Cecelia looked at me for a moment. "Please do not take this as a condemnation, Darvin," she said, "but I have listened to your English since 1994."

"Yeah..."

"It is true that you can, when you wish it, speak as properly as I can. It is true that sometimes you do so. But it is also true that Darlia learned her sloppy habits from listening to you. Of course her natural preference is that way, or else she would have imitated me. Nevertheless, your example is a factor in how she speaks today."

"Yeah..." I seemed to have run out of other words.

"I have long teased you about your English, my husband, and you have taken it as such. I learned almost as soon as we met that you use correct English when it's appropriate, and so I have never tried to reform you. I propose a question in light of that: Ought you to be so hard on Darlia?"

"I don't know if I was hard on her," I said. "Maybe so. Maybe this case, and accumulating tiredness with her sloppiness, just piled on and I came down harder than I should have. But you know my position – it's not a sin to speak casually, if you can do it right when you have to."

"And while I prefer to speak correct English at all times, I have not quarreled with your assessment of the situation. You've taught that principle to Darlia, and I have concurred, for it is not invalid. If someone's going to mangle the language, it behooves him to know that he's mangling it."

"So was I hard on her?" I asked.

Cecelia's eyes dropped while she thought. When she spoke she looked down at the bed, and it sounded as though she were thinking it through just in advance of her words. "It may be that I have been too easy on her. I have, yes, chaffed her for her emulation of your English. But have I ever actually taught her how much I care about the proper use of our tongue? I can't say that I have. And perhaps today was simply the fruit of my laxity."

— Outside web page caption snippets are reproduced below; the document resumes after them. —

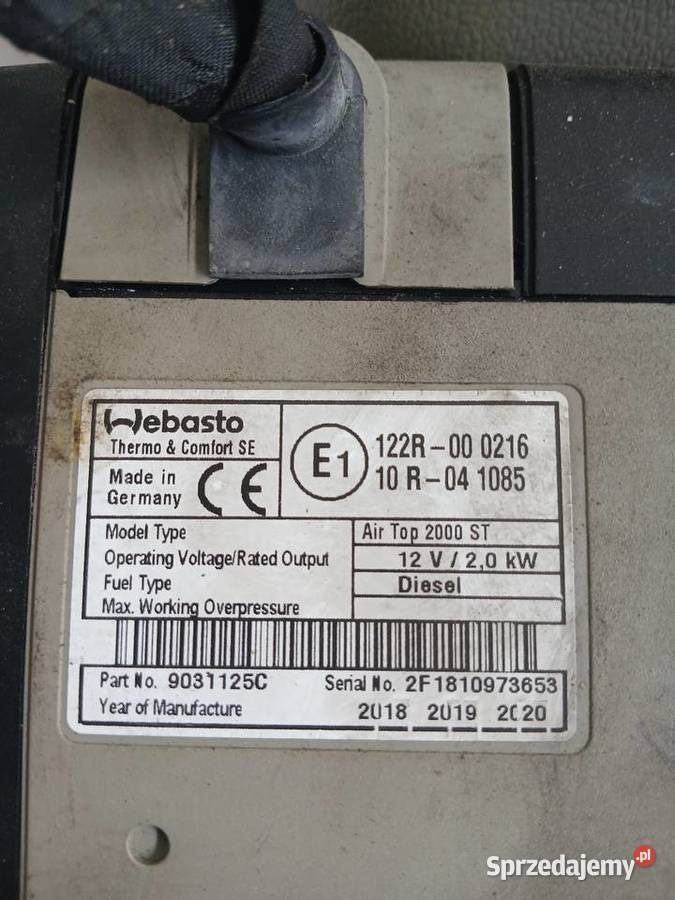 Webasto 2 kw 12V typ ogrzewania suchego Łódź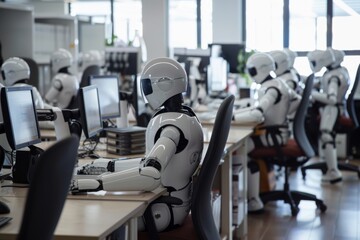 Fototapeta premium The image shows a group of robots working in an office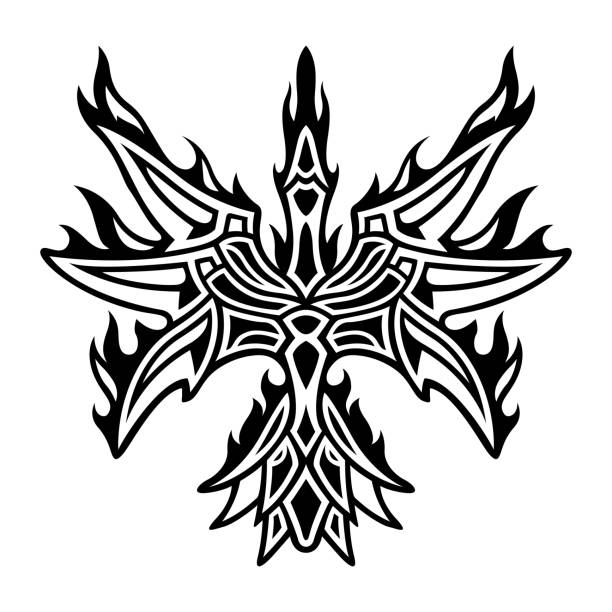 племенное тату-арт со стилизованным пылающим фениксом - phoenix fire tattoo bird stock illustrations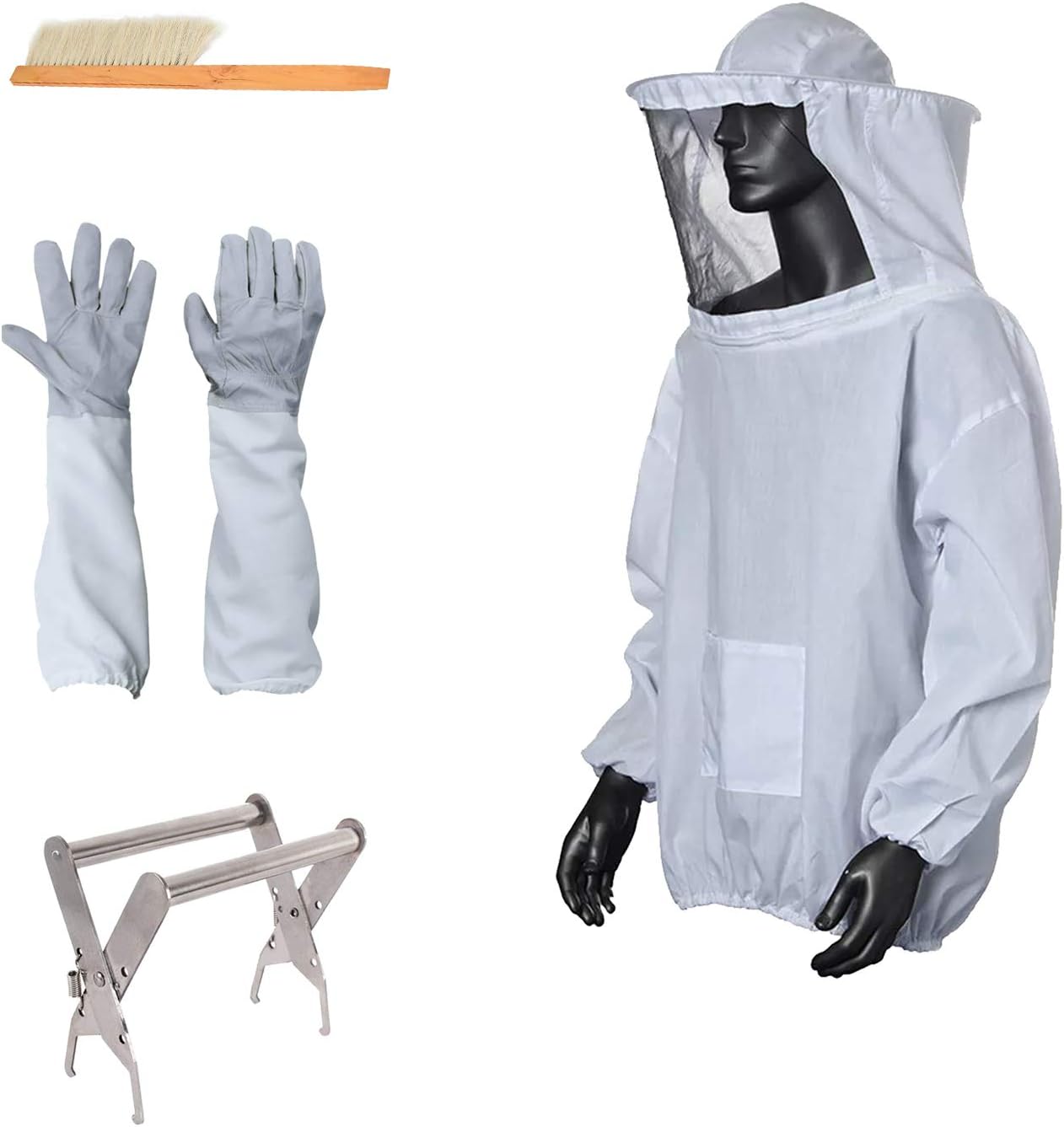Beekeeping Suit Bee Jacket Beekeeping Gloves Protective Sleeves Beehive Frame Grip Lift Gripper Tool Bee Hive Brush for Beekeeper Supplies Hive Tool Set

"Shoot, C, if she's spoilt it's both our fault, not just yourn."

She smiled slightly at my English, which was down to my usual sloppy standard. "Yes, that's true – we both share the responsibility for whatever Darlia has become. Between the genetic material we both contributed, and the teaching we have given her, neither of us can point to the other and assign unilateral blame. Nonetheless, Darvin, I look back over my career as a mother, and I believe I see multiple instances where I could have been firmer."

"Probably they ain't a parent anywhere who can't find fault with what she's done, or not done. I ain't perfect my own self." I rolled over on my back, and put my hands behind my head. I looked up at the ceiling as I continued. "I can't see that I come down on Darlia too hard today, but I can't see that you've been too soft either. Maybe we neither of us is seein' real clear, nor have we either of us done the best possible job."

"For a westerner, you sure sound southern at times." It was a tangent, and she didn't give me a chance to answer it. "Shared responsibility, shared failure?"

"Are we failures, C? I don't think so. Shoot, Darlia ain't but 10 goin' on 11. We won't know if we failed for a bit yet. But I look at her, the way she is, the way she obeys, all that, and I think we've got us a good girl. Some of that's natural – she's just that way, nice and obedient. But some of it's us too, it's gotta be. Nature and nurture, we decided a good while back. An' I can't see that the nurture's been faulty, not dramatically anyways."